[% setvar title Subroutines: Extend subroutine contexts to include name parameters and lazy arguments %]

This file is part of the Perl 6 Archive

Note: these documents may be out of date. Do not use as reference!

To see what is currently happening visit http://www.perl6.org/

TITLE

Subroutines: Extend subroutine contexts to include name parameters and lazy arguments

VERSION

  Maintainer: Damian Conway <damian@conway.org>
  Date: 17 Aug 2000
  Last Modified: 25 Sep 2000
  Mailing List: perl6-language-subs@perl.org
  Number: 128
  Version: 4
  Status: Frozen

ABSTRACT

This RFC proposes that subroutine argument context specifiers be extended in several ways, including allowing parameters to be typed and named, and that a syntax be provided for binding arguments to named parameters.

CHANGES

Added section describing named parameter interaction with named higher-order function placeholders.

DESCRIPTION

It is proposed that the existing subroutine "prototype" mechanism be replaced by optional formal parameter lists that allow parameters to be named and their contexts specified.

The syntax for this would be:

        sub subname ( type context(s) parameter_name : parameter_attributes ,
                      type context(s) parameter_name : parameter_attributes ,
                      type context(s) parameter_name : parameter_attributes ;
                      # end of required parameters
                      type context(s) parameter_name : parameter_attributes ,
                      # etc.
                    ) : subroutine_attributes
        { body }

Each of the four components of a parameter specification -- type, context, name, and attributes -- would be optional.

Contexts

The context specifiers would be:

        $       parameter is scalar
        @       parameter is array (eats remaining args)
        %       parameter is hash (eats remaining args)
        /       parameter is qr'd string
        &       parameter is subroutine reference or block
        *       parameter is typeglob (assuming they still exist)
        ""      parameter is bareword or character string
	()	parameter is an explicitly parenthesized list

Note that any of these specifiers may appear in any position in a parameter list (especially &, which would no longer be constrained to the first position).

The following prefix context modifier would be available:

        \             parameter must be a reference,
                      argument is magically en-referenced if necessary

The following context attributes would be available:

        :lazy         argument is lazily evaluated

        :uncurried    (& only) terminate curry propagation on argument

        :noautoviv    that is a (possibly nested) hash element or array
                      element is not autovivified.

	:repeat{m,n}  argument is variadic within the specified range

The following subsections describe each of these in detail.

The following grouping operator would also be available:

        (...)   specifies that the argument(s) are to be 
                treated collectively (i.e. by modifiers and attributes)

Automagically en-referenced arguments

The \ modifier causes the modified parameter to automagically convert its corresponding argument to a reference without list flattening.
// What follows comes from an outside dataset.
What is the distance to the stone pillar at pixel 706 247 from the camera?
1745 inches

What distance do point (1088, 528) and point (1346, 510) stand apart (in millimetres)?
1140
The most common usage is in passing hashes and arrays as a single argument.

Note that the semantics of \ attribute would be altered slightly from those of Perl 5, so that a reference is always passed for that parameter. It would, of course, retain its magical en-referencing coercion:

        \$         argument must be scalar ref or start with $
                   scalar var magically en-referenced

        \@         argument must be array ref or start with @,
                   array var magically en-referenced

        \%         argument must be hash ref of start with %,
                   hash var magically en-referenced

        \/         argument must be qr'd string or /.../ or m/.../
                   /.../ or m/.../ magically qr'd to en-reference

        \&         arg must be sub reference, curried function, or block
                   block converted to anonymous sub ref

        \*         argument must be typeglob ref of start with *,
                   typeglob magically en-referenced

        \""        argument must be a string reference or a bareword,
                   bareword magically stringified and en-referenced

        \()        argument must be a parenthesized list or an anonymous
                   list constructor
                   parenthesized list is magically en-referenced

Lazy evaluation

If the lazy attribute is used for a particular parameter, that parameter is lazily evaluated. This means that it is only evaluated when the corresponding named parameter (see below) -- or the corresponding element of @_ -- is first accessed in some way, after which the evaluated value is stored in the element in the usual way. Passing the parameter to another subroutine or returning it as an lvalue does not count as an access. Evaluating it in an eval block always counts.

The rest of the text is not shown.